Shaun Jackman <sjackman@telus.net> writes:
> I'm trying to evaluate the surface area of a hemisphere within the
> rectangle (-1..1,-1..1). I've managed to get Maxima to give me a
> negative number for the surface area, which is quite confusing. When
> I do something similar in Maple I get a number near 4.22. What have
> I done to confuse Maxima?
> z(x,y) := sqrt(4-x^2-y^2);
> zx(x,y) := diff( z(x,y), x);
> zy(x,y) := diff( z(x,y), y);
> N(x,y) := sqrt( 1 + zx(x,y)^2 + zy(x,y)^2);
> integrate( integrate( N(x,y), x,-1,1), y,-1,1);
> negative
> negative
> ev(%,limit);
> ev(%,integrate);
> negative
> ev(%,numer);
> -8.156085826898927
Here is a variation on this theme which will work, but any slight
change seems to expose yet another known bug or shortcoming in Maxima.

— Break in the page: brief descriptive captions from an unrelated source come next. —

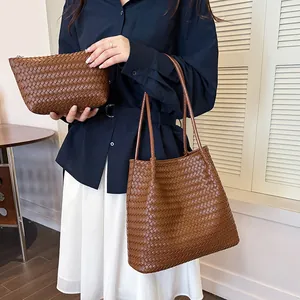 Detailed view of brown retro woven tote bag and matching pouch held by a model.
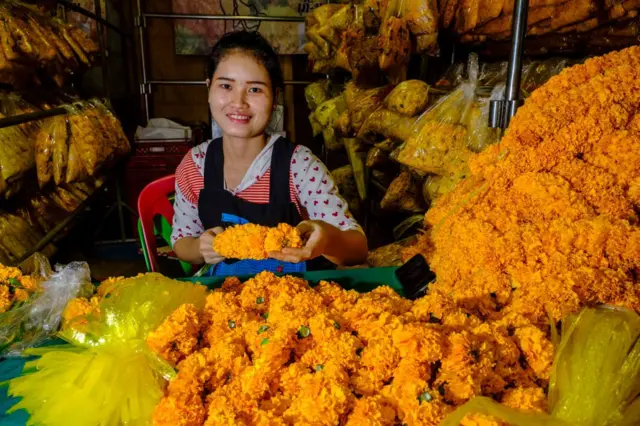 Một phụ nữ bán tại cửa hàng hoa ở Bangkok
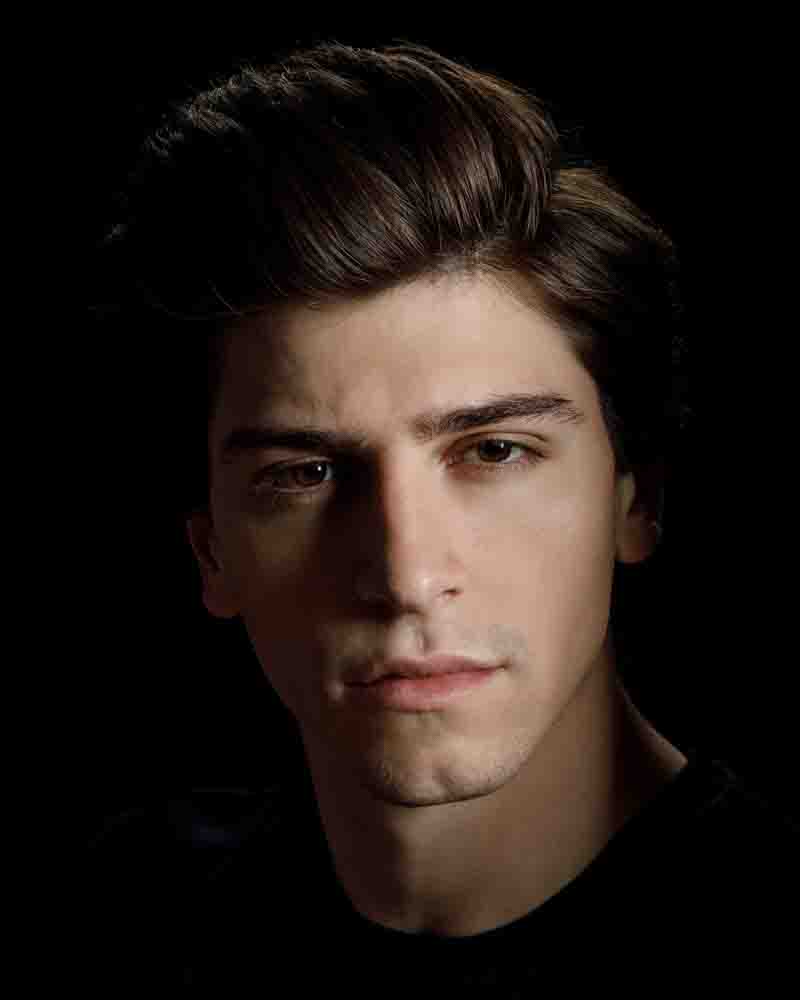 Dramatically lit headshot of Noah with a pure black background, emphasizing his features for theatrical roles.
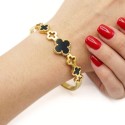 Woman wearing a rigid baked stainless steel bracelet, decorated with several clovers for an original and modern style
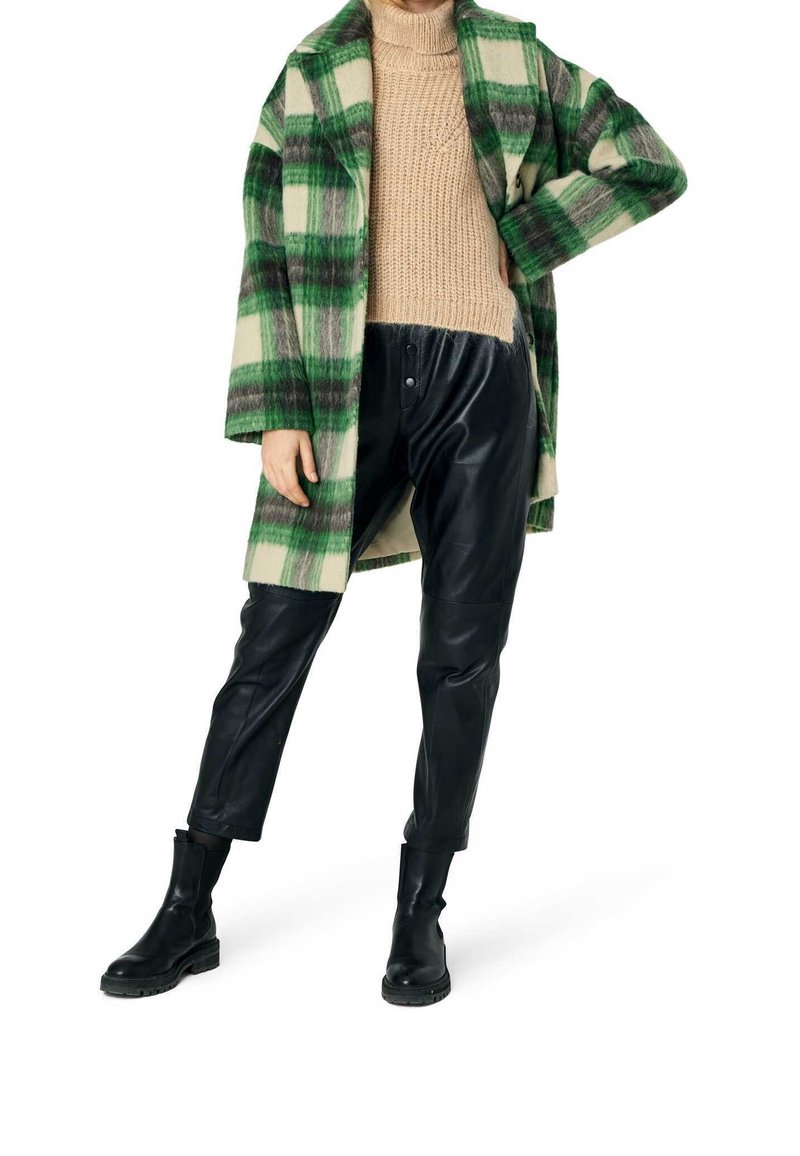 Cappotto di lana a quadri verde e beige sopra un maglione di filo beige, abbinato a pantaloni di pelle nera e stivaletti neri.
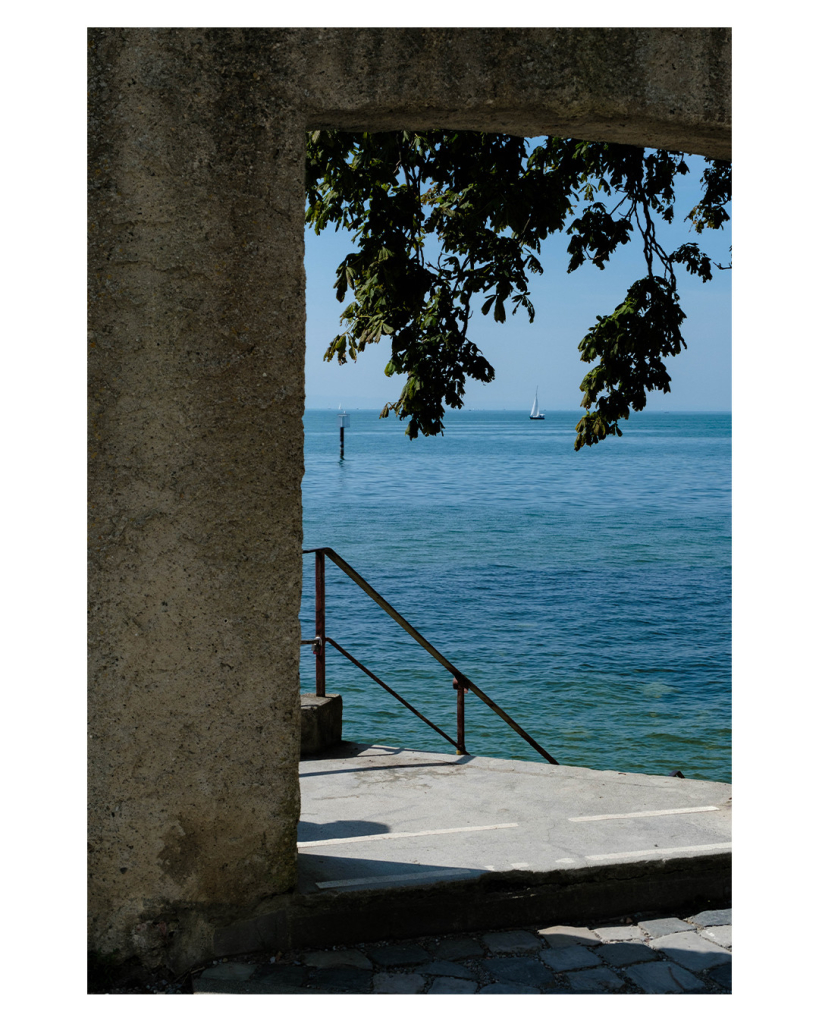 Foto im Hochformat. Blick durch einen Durchgang in einer Mauer auf den Bodensee. Der Durchgang ist nur links und oben zu sehen und er ist im Schatten. Dahinter, in der Sonne, führt ein Treppengeländer nach unten. Von oben ragen Äste mit Blättern, genau zwischen zweien ist eine Segelschiff am Horizont auf dem See. Der Himmel ist klar.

Also, things evolve in a completely different way if you RATSIMP your
integrand first.
dS:(sqrt(4-x^2-y^2),sqrt(diff(%%,x)^2+diff(%%,y)^2+1));
integrate(%,x);
realpart(%);
ev(%,x=1)-ev(%,x=-1);
integrate(%,y,-1,1);
/* Check the result */
%,numer;
4*romberg(romberg(''dS,x,0,1),y,0,1);
load("qq");
4*quanc8(quanc8(''dS,x,0,1),y,0,1);
/* Actually, your result is correct mod %pi */
(-8.156085826898927-%)/%pi,numer;
Actually, in the case of your double integral, internally Maxima does
much the same thing as the snippet above shows. In particular, it
correctly computes a primitive function with respect to x in terms of
ATAN2, but then expresses it by ATAN instead, and at this point gets
the inner integral wrong by 2*%pi (and hence the double integral wrong
by 4*%pi). This happens in INTSUBS in src/defint.lisp.
Wolfgang